1. Legal basis for the secretariat’s practice

According to a 2017 UNFCCC document entitled ‘Trust Fund for Participation in the UNFCCC Process’,[1] the UNFCCC Executive Secretary administers a trust fund to provide support for eligible delegates from developing countries to attend UNFCCC COP sessions, subsidiary body meetings, and other official gatherings.

The establishment of the trust fund predates the ratification of the UNFCCC. The United Nations General Assembly’s Resolution 45/212 in 1990 mandated a negotiation process to prepare an “effective framework convention on climate change”, which eventually led to the creation of the UNFCCC in 1992.[2] In order to ensure broad participation in these negotiations, the same resolution established a special voluntary fund (para. 10). This fund aimed to enable developing countries, particularly the least developed countries and small island developing countries, to fully and effectively engage in the negotiation process.

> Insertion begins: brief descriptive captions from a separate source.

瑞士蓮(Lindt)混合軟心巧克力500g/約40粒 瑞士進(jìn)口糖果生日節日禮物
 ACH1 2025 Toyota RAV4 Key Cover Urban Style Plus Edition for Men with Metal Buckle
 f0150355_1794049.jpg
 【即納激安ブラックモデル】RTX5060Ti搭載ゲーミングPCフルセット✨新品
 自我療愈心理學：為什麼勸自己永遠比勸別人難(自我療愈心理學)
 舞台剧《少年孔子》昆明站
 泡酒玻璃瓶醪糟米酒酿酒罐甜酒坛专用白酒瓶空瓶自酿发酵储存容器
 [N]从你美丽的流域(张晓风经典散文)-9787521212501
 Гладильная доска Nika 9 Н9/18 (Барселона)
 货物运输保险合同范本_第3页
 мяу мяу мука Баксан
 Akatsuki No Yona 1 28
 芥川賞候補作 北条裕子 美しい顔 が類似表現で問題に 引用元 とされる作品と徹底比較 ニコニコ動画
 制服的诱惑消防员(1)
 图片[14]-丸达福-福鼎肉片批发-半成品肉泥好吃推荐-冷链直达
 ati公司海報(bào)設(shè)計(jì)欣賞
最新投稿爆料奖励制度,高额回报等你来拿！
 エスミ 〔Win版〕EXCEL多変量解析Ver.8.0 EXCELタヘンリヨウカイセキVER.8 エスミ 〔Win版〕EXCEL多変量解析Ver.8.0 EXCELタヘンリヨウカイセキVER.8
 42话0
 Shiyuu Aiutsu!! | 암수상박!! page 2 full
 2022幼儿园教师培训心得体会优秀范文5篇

Over time, this fund became part of the established funds of the UNFCCC. Decision 15/CP.1,[3] which pertains to financial procedures for the COP, the subsidiary bodies, and the UNFCCC secretariat, specifies that the trust fund shall receive voluntary contributions. These contributions are meant to support the participation of representatives from developing-country Parties, with a particular focus on least developed countries, small island developing countries, and other Parties with transitioning economies.[4] The utilization of funds from the trust fund was extended to chairs of negotiating groups during COP 2.[5]

The historical documentation evidences the secretariat’s long-established practice of funding the participation of eligible representatives from developing countries and economies in transition.

2. Eligibility criteria

The eligibility criteria for accessing the resources of the trust fund are based on a measure of Parties’ GDP per head, as indicator of their need for support (trust fund document of 2017, para. 7). The use of GDP per head to determine eligibility appears to have been inherited from the practice of the trust fund’s predecessor, the special voluntary fund established in 1990.[6] The secretariat acknowledges that, as at 2017, the use of GDP per head to determine eligibility had been used for the last 20 years (trust fund document, para. 10). According to the secretariat, such criterion “provides objectivity to the selection process, in particular when statistics come from recognised global institutions.”.[7]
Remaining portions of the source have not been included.